There is no substitute for supervision
By David A. Splitt
David A. Splitt, an authority on school law, is general counsel for the University of the District of Columbia and the District of Columbia School of Law.
Public school systems across the country have been scrambling to provide access to the Internet for their students and teachers. But like first-timers on Germany's Autobahn, many educators quickly discover there are no speed limits on the web--and no escape from the fast lane. Worldwide access to everything is just that: access to everything, including material that is definitely unsuitable for students. Faced on the one hand with cybersmart kids who seem to have been born with the ability to manipulate computers, and on the other with a medium of information exchange that can bring those kids face-to-screen with stuff that would make George Carlin blush, school administrators have been looking for ways to limit access to inappropriate material and minimize on-line mischief.
Believing that the simplest solution was to remove offensive material from the web, some educators and community leaders lobbied for federal legislation to tame the seamier side of the Internet.
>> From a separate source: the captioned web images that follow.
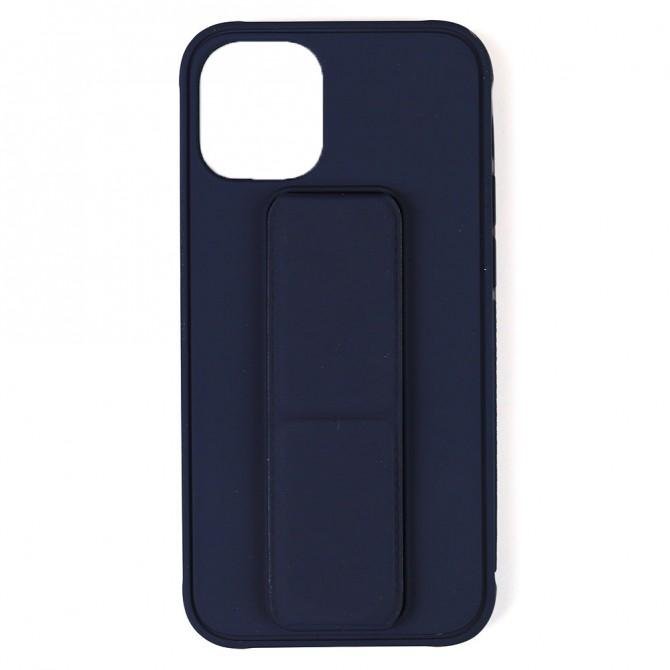 Чохол Bracket series для Apple Iphone 12 / 12 Pro Midnight Blue-1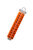 EZ LOCKRINGS SIZE 8 ORANGE 1 - 12
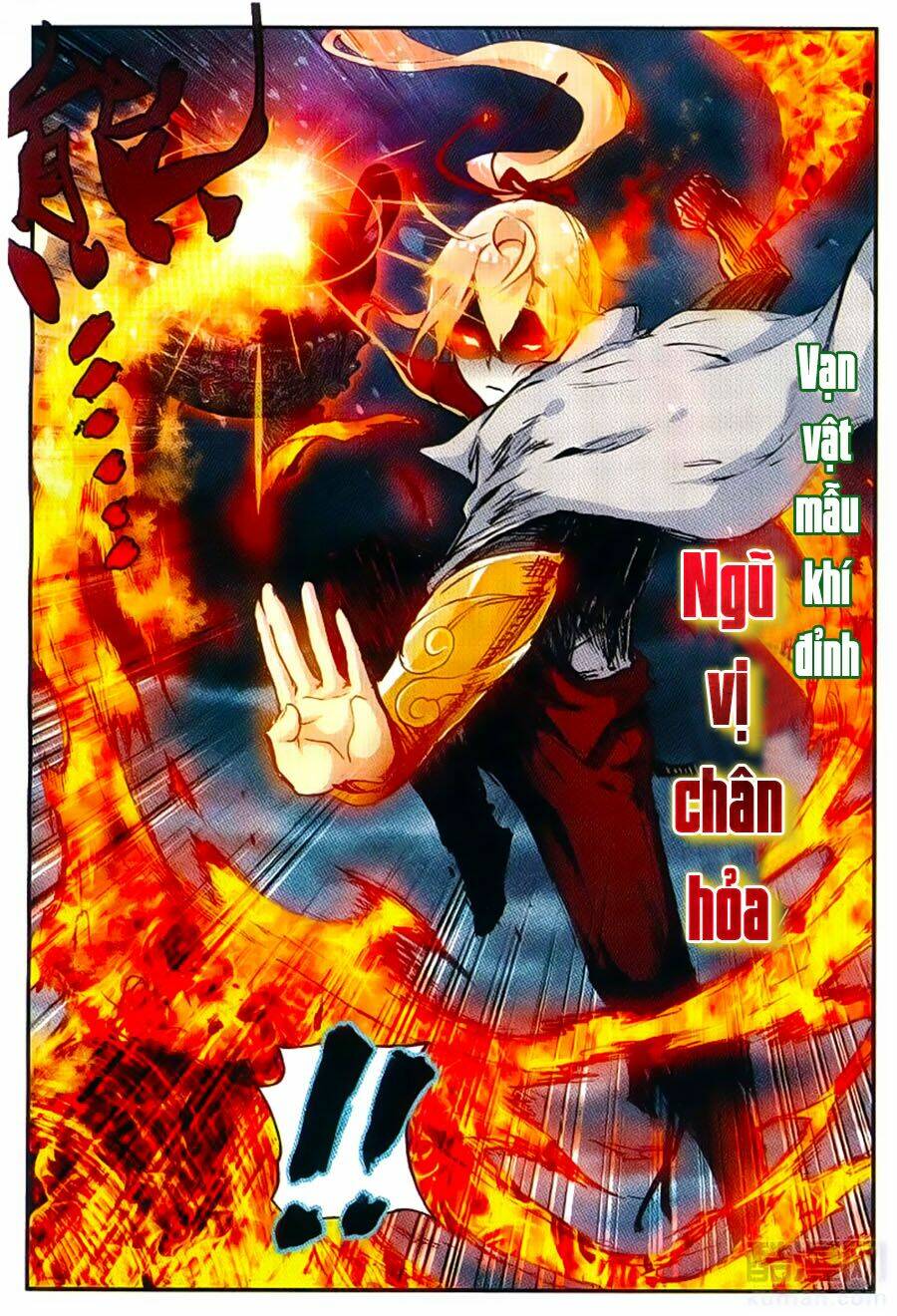 già thiên chapter 54 24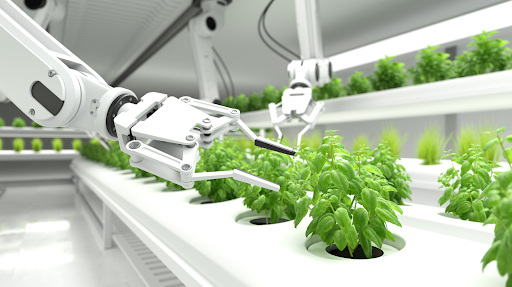 Intelligent Automation and Farm Automation.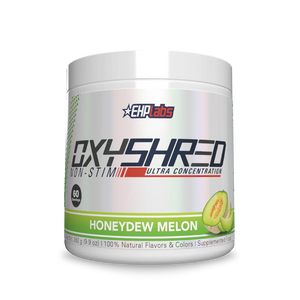 OxyShred Non-Stim – Caffeine-Free Fat Burner for Energy & Focus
Congress obliged with a law guaranteed to make the most of the political potholes dotting the information superhighway: the Communications Decency Act of 1996. This statute declared that any person who "by means of a telecommunications device knowingly makes, creates, or solicits, and initiates the transmission of, any comment, request, suggestion, proposal, image, or other communication which is obscene or indecent, knowing that the recipient of the communication is under 18 years of age," could be fined and jailed for up to two years.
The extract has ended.